Tous ces chefs-d'œuvre architecturaux nécessitent une véritable restauration. Les murailles sont à moitié détruites et les maisons délabrées menacent ruine. Les causes de cette dégradation sont multiples.
1• Elles sont d'abord climatiques. Altérées depuis des siècles par les intempéries (vent, pluies rares mais violentes, inondations), ces bâtisses centenaires, se délabrent au fil des ans et finissent parfois par disparaître.
Une forte pluie, un oued en colère et tout est emporté. Les nomades, habitués aux villages temporaires, ne les reconstruisent pas et vont bâtir ailleurs.
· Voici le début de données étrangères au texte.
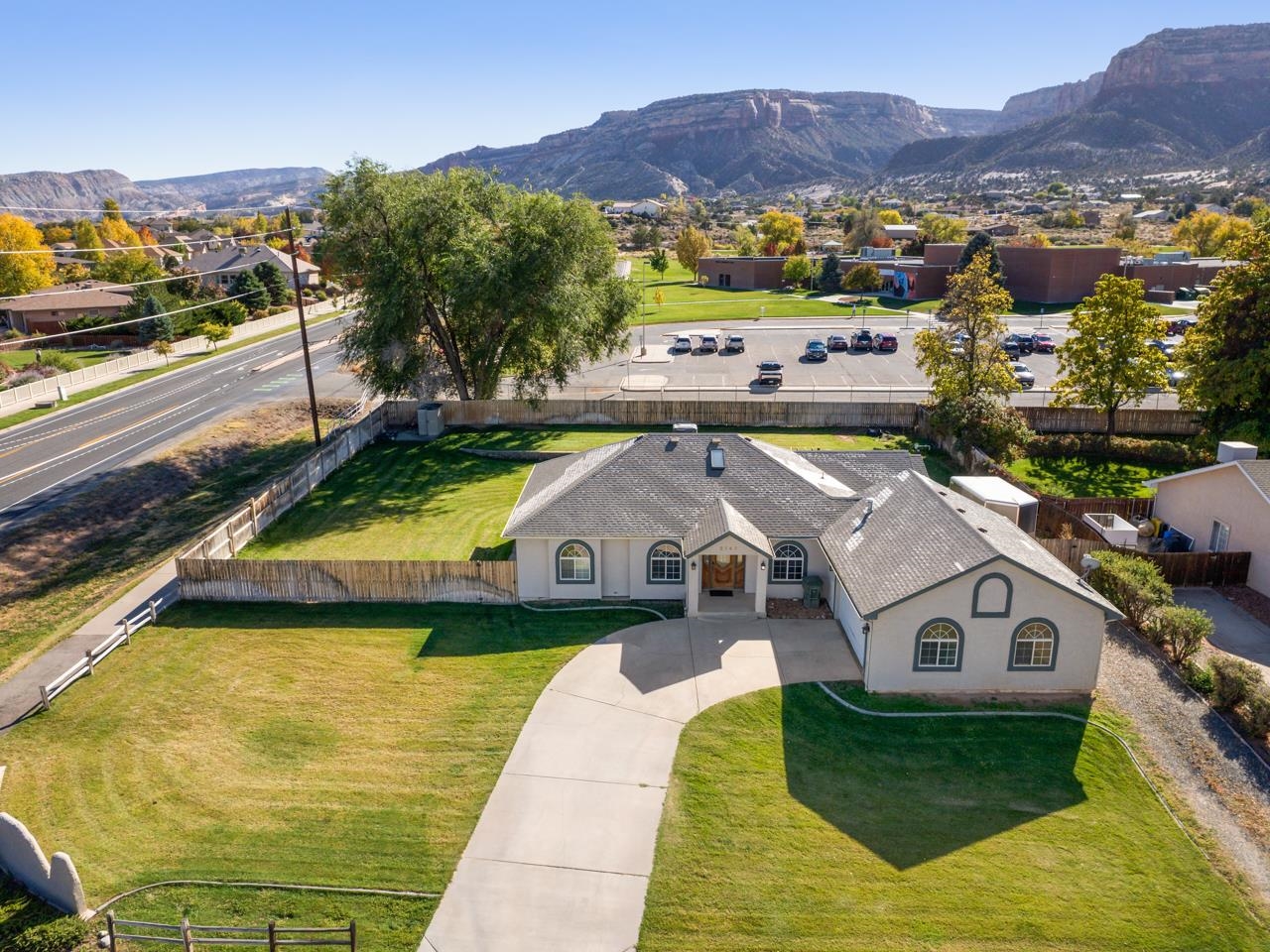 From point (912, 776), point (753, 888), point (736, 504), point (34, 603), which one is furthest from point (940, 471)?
point (34, 603)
2• Des raisons historiques ont également joué parfois un rôle important. Thami-el-Glaoui fut le dernier seigneur de l'Atlas. Il avait étendu son autorité sur tout le Sud marocain et fait construire les plus belles kasbah des vallées du Draa et du Dadès. Lors de son décès en 1956, ses biens furent confisqués. Laissés à l'abandon, et faute d'entretien, ces châteaux de terre se sont transformés en tas de boue. Les constructions les plus touchées furent le palais de Telouet et la kasbah de Tinerhir.
3• Certains habitants ont abandonné ces citadelles fortifiées. Ils ont choisi de construire de nouvelles et somptueuses maisons, au cœur même des oasis et des vallées. L'exode rural a poussé certaines familles, à s'installer dans des immeubles, en périphérie des villes. Les liens sociaux se relâchent peu à peu et les familles se dispersent. Il n'était pas rare, il n'y a pas si longtemps, qu'une Kasbah abrite une centaine de personnes de la même famille. Les pièces utilisées variaient au fil des saisons, en fonction de leur exposition. Et la moindre fuite du toit était vite repérée et colmatée.
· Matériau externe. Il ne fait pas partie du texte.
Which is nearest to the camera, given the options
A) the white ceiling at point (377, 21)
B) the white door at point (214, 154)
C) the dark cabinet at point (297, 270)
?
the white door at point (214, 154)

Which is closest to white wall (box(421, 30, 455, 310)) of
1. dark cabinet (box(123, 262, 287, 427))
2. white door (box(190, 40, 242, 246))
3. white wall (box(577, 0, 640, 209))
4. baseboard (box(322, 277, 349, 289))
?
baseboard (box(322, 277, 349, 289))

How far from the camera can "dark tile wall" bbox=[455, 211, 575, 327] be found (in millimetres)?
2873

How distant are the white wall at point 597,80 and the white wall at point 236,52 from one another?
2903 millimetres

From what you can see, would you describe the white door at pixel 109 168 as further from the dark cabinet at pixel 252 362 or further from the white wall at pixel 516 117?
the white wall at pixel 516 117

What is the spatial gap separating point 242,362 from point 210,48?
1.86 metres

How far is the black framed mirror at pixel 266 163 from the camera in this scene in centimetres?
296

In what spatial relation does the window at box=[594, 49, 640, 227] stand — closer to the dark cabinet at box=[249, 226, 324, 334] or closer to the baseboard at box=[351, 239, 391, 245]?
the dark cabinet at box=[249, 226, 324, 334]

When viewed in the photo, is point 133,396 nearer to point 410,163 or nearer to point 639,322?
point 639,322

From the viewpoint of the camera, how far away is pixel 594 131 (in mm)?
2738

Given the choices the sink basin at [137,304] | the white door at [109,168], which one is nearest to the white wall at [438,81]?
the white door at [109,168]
4• Lorsqu'une maison en terre en très mauvais état est abandonnée, les propriétaires la reconstruisent en béton. Certes, elle sera plus solide. Mais lorsque l'on connaît les qualités isolantes de la terre, dans ces régions très chaudes en été et fraîches dans les mois d'hiver, ce choix est réellement contre-nature.
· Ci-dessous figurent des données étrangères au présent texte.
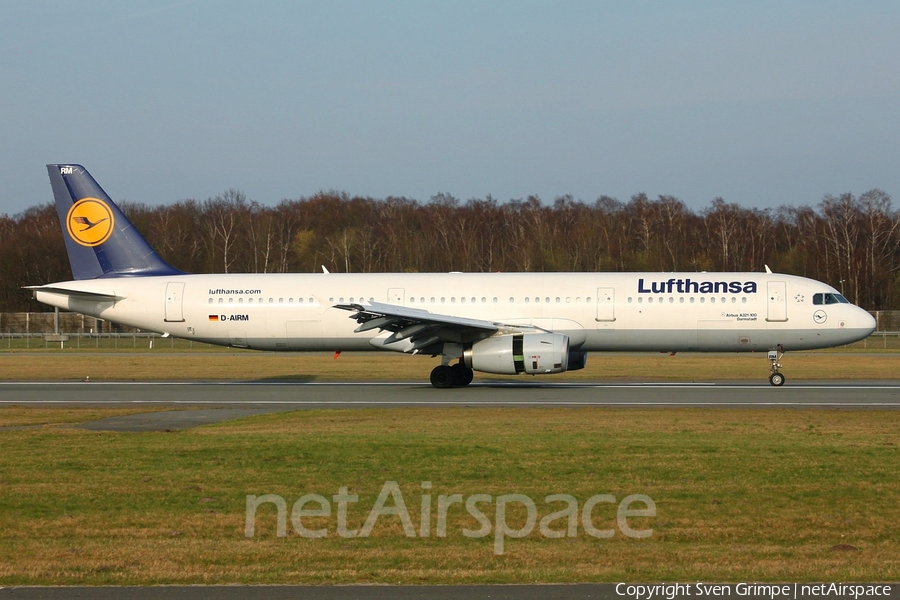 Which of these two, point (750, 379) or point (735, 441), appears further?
point (750, 379)

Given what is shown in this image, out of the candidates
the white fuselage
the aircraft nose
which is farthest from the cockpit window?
the aircraft nose

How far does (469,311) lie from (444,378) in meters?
2.21

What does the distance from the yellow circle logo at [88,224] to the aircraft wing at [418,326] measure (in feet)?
30.1

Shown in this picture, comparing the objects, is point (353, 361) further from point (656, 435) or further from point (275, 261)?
point (275, 261)

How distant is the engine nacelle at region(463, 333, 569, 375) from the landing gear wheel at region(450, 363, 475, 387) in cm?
151

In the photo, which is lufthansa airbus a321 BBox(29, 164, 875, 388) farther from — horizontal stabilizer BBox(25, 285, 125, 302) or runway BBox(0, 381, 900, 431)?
runway BBox(0, 381, 900, 431)

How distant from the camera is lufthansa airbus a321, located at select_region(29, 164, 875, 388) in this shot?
26.6 metres

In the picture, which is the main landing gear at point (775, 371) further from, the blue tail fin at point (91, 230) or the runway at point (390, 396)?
the blue tail fin at point (91, 230)

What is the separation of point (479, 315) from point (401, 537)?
19.1 m

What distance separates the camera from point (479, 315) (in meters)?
28.0

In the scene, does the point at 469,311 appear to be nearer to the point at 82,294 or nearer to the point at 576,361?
the point at 576,361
5• Beaucoup n'hésitent pas à construire dans leur village d'énormes bâtisses en béton de plusieurs étages et non crépies. Les ksour de la vallée du Draa par exemple, sont presque tous affligés de ces maisons hideuses. Il faut y ajouter les paraboles qui fleurissent sur les toits en terre ; les poteaux électriques et les fils posés n'importe comment… Dans les campagnes, la réglementation n'est pas toujours respectée.
Une ligne à haute tension a été construite au-dessus de la Kasbah de Tamnougalt, (dans la vallée du Draà), gâchant quasiment le site.
6• Le problème de l'héritage est également essentiel. Les familles étant très nombreuses, au bout de deux générations, les héritiers sont multiples. Ils ont souvent très peu de moyens financiers. La restauration devient alors impossible.